阅读说明：本技术 晶圆换面防污装置及方法 (Wafer surface changing antifouling device and method ) 是由 高翔鹰 张少阳 裴文龙 陈晨 于 2019-11-05 设计创作，主要内容包括：本发明揭示了一种晶圆换面防污装置及方法,包括矩形的晶圆架,其上设置用于排列安放晶圆的直槽,直槽相互平行以致于晶圆相互之间也平行设置；第一旋升机构,设置在晶圆架的下方,用于驱动晶圆架整体升降或沿其中心轴向旋转；选择夹取机构,有选择地夹取一组晶圆,一组晶圆为排列在晶圆架上的单数项的所有晶圆；第二旋升机构,设置在选择夹取机构一侧,用于驱动选择夹取机构整体升降或沿其中心轴向旋转。本发明的有益效果体现在：通过夹取机构夹取部分晶圆,旋升机构将剩余晶圆完成整体旋转后将夹取机构上的晶圆放下,完成晶圆的换面后再进行清洗,就不会出现后一个晶圆的晶面被前面晶圆的晶背污染而影响晶圆产品的质量的问题。(The invention discloses a wafer face-changing antifouling device and a method, which comprises a rectangular wafer frame, wherein straight grooves for arranging and placing wafers are arranged on the wafer frame, the straight grooves are parallel to each other, so that the wafers are also arranged in parallel, a rotary lifting mechanism is arranged below the wafer frame and is used for driving the wafer frame to integrally lift or axially rotate along the center of the wafer frame, a clamping mechanism is selected for selectively clamping groups of wafers, groups of wafers are all wafers with singular items arranged on the wafer frame, a second rotary lifting mechanism is arranged on the side of a selected clamping mechanism and is used for driving the selected clamping mechanism to integrally lift or axially rotate along the center of the wafer frame.)

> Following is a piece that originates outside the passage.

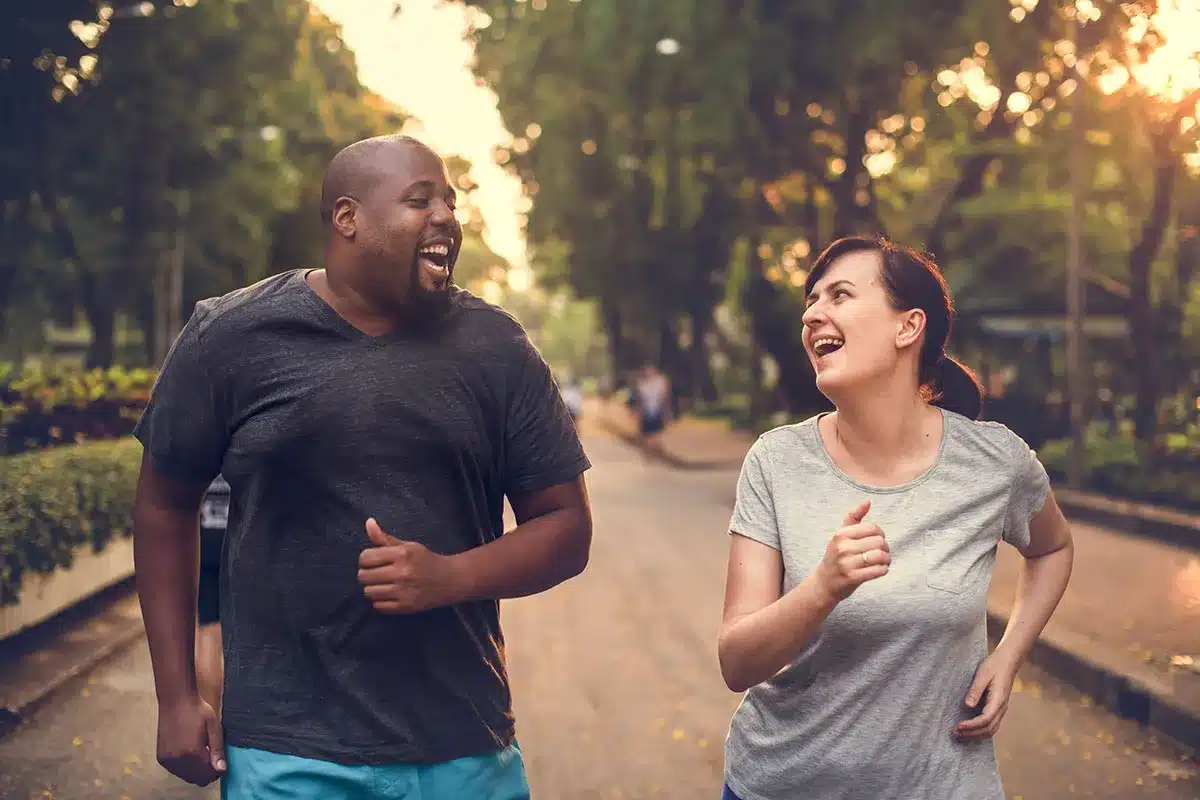 Happy couple jogging together.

1. The antifouling device for wafer surface changing is characterized in that: comprises that

rectangular wafer rack (2), on which straight slots (20) for arranging and placing wafers (21) are arranged, the straight slots (20) are parallel to each other so that the wafers (21) are also arranged in parallel to each other;

a rotary lifting mechanism (1) arranged below the wafer rack (2) and used for driving the wafer rack (2) to wholly lift or axially rotate along the center thereof;

selecting the gripping mechanism (3), selectively gripping groups of wafers (21), wherein the groups of wafers (21) are all wafers in a single item arranged on the wafer rack (2);

and a second rotary lifting mechanism (4) arranged at the side of the selective gripping mechanism (3) and used for driving the selective gripping mechanism (3) to wholly lift or axially rotate along the center thereof.

2. The device for preventing fouling of wafer surface changing according to claim 1, wherein the selective gripping mechanism grips groups of wafers (21) or all the even numbered wafers arranged on the wafer rack (2).

3. The wafer surface changing antifouling device according to claim 1, wherein the -th rotary lifting mechanism (1) comprises a base (10), a wafer frame rotary cylinder (11) and a wafer frame lifting cylinder (12) which are arranged on the base (10), the bottom of the wafer frame lifting cylinder (12) is fixed on the rotary part of the wafer frame rotary cylinder (11), and the telescopic cylinder shaft (120) of the wafer frame lifting cylinder (12) is fixed on the bottom of the wafer frame (2).

4. The wafer surface changing antifouling device as claimed in claim 1, wherein: the selective clamping mechanism (3) is composed of two parallel clamping arms (30), the two clamping arms (30) are symmetrically arranged on two sides of the wafer (21), and the axis of the two clamping arms is perpendicular to the crystal plane of the wafer (21).

5. The wafer surface changing antifouling device as claimed in claim 4, wherein groups of grooves (31) are arranged on the clamping arms (30), the distance between adjacent grooves (31) is twice as long as the distance between adjacent wafers (21), the minimum distance between corresponding grooves (31) on two clamping arms (30) is always larger than the diameter of the wafers (21), and the positions of the grooves (31) on the clamping arms (30) correspond to the positions of the wafers (21) on the wafer rack (2).

6. The wafer surface changing antifouling device as claimed in claim 5, wherein a clamping jaw (32) is arranged between each adjacent groove (31) on the clamping arm (30), and when the clamping arm (30) rotates, the minimum distance between the corresponding clamping jaws (32) on the two clamping arms (30) is switched between a th state larger than the diameter of the wafer (21) and a second state smaller than the diameter of the wafer (21).

7. The wafer surface changing antifouling device as claimed in claim 6, wherein: the distance between the adjacent clamping jaws (32) and the grooves (31) is equal to the distance between the adjacent wafers (21).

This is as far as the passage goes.